How does one show if one function $u:[a,b]\to \mathbb{R}$ is measurable?
Using Schilling's methodology, I understand this as to show that $u$ is $\mathcal{A}/\mathcal{B}$ measurable (see Chapter 8), where $\mathcal{A}$ is a $\sigma$-algebra on $[a,b]$. To do this, one may show that, for example, $\{u<\alpha\}\in \mathcal{A}$ for all $\alpha\in \mathbb{R}$.
Is this automatically true, if $u$ were continuous on $[a,b]$?
Here is what I did,
$\{u<\alpha\}=\{x\in [a,b]:u(x)<\alpha\}=u^{-1}((-\infty,\alpha))$
Then the right hand side is open, because of continuity. But does it belong to $\mathcal{A}$?
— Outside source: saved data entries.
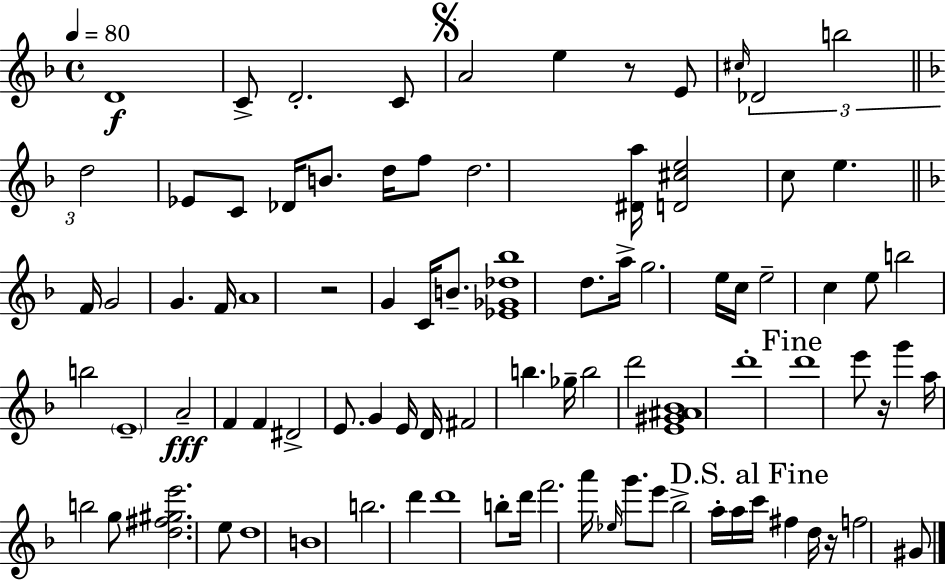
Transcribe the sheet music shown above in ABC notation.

X:1
T:Untitled
M:4/4
L:1/4
K:Dm
D4 C/2 D2 C/2 A2 e z/2 E/2 ^c/4 _D2 b2 d2 _E/2 C/2 _D/4 B/2 d/4 f/2 d2 [^Da]/4 [D^ce]2 c/2 e F/4 G2 G F/4 A4 z2 G C/4 B/2 [_E_G_d_b]4 d/2 a/4 g2 e/4 c/4 e2 c e/2 b2 b2 E4 A2 F F ^D2 E/2 G E/4 D/4 ^F2 b _g/4 b2 d'2 [E^G^A_B]4 d'4 d'4 e'/2 z/4 g' a/4 b2 g/2 [d^f^ge']2 e/2 d4 B4 b2 d' d'4 b/2 d'/4 f'2 a'/4 _e/4 g'/2 e'/2 _b2 a/4 a/4 c'/4 ^f d/4 z/4 f2 ^G/2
Another question is, no sure if it is relevant, what if $u$ were not continuous on $[a,b]$?
Consider 2 examples:
(1) $\mathcal{A}=\sigma\{[a,(a+b)/2),[(a+b)/2,b]\}$ and $u(x)=x$ ($u$ is not $(\mathcal{A},\mathcal{B}_{\mathbb{R}})$-measurable).
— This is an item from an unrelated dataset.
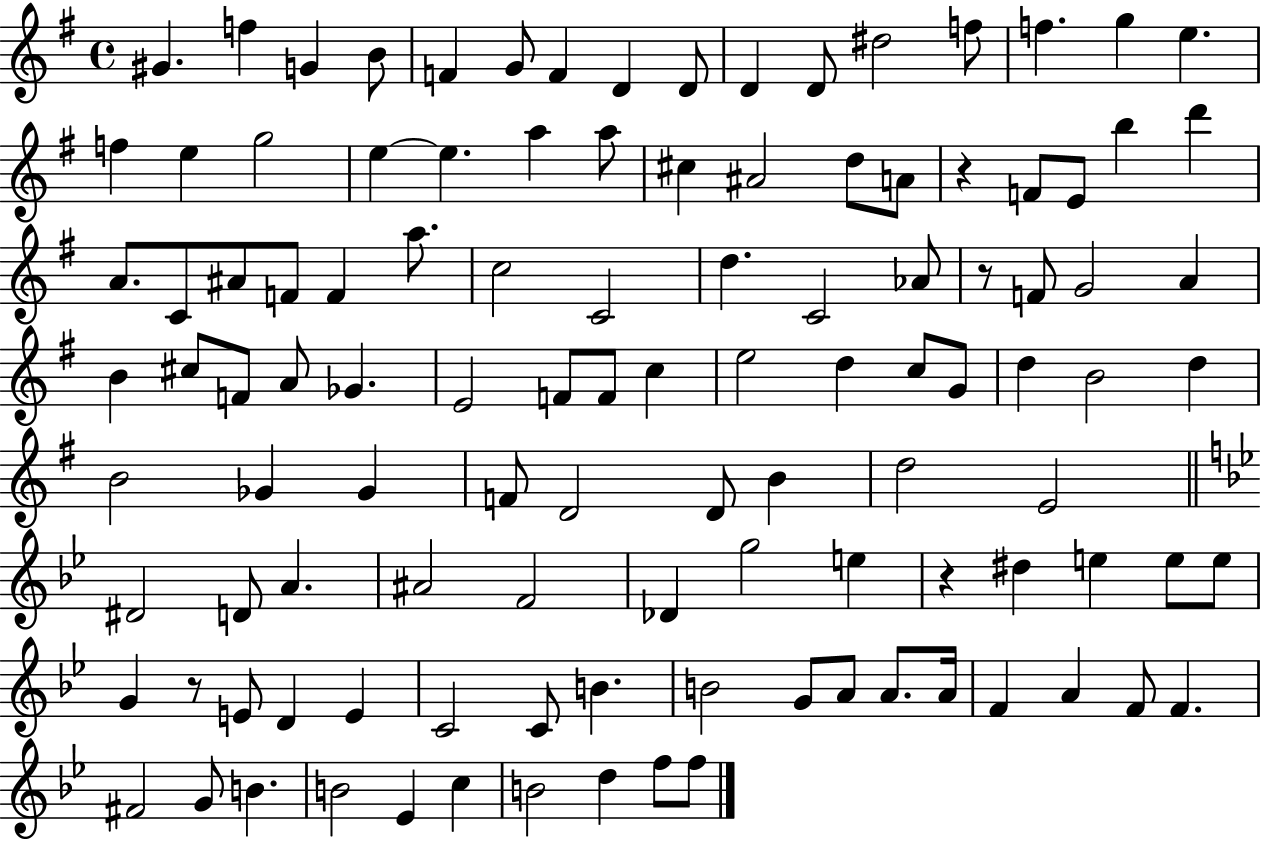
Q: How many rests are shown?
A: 4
(2) $\mathcal{A}$ is the Borel $\sigma$-algebra (i.e. generated from open sets) and $u$ is continuous ($u$ is $(\mathcal{A},\mathcal{B}_{\mathbb{R}})$-measurable according to your argument).
Regarding your second question, there are discontinuous functions that are measurable w.r.t. $\mathcal{A}$ in (1), e.g. $u(x)=1_{[a,(a+b)/2)}(x)$, and there exist functions that are not measurable w.r.t. $\mathcal{A}$ in (2) (which is much larger), e.g. $u(x)=1_N(x)$, where $N$ is a non-Borel set in $[a,b]$.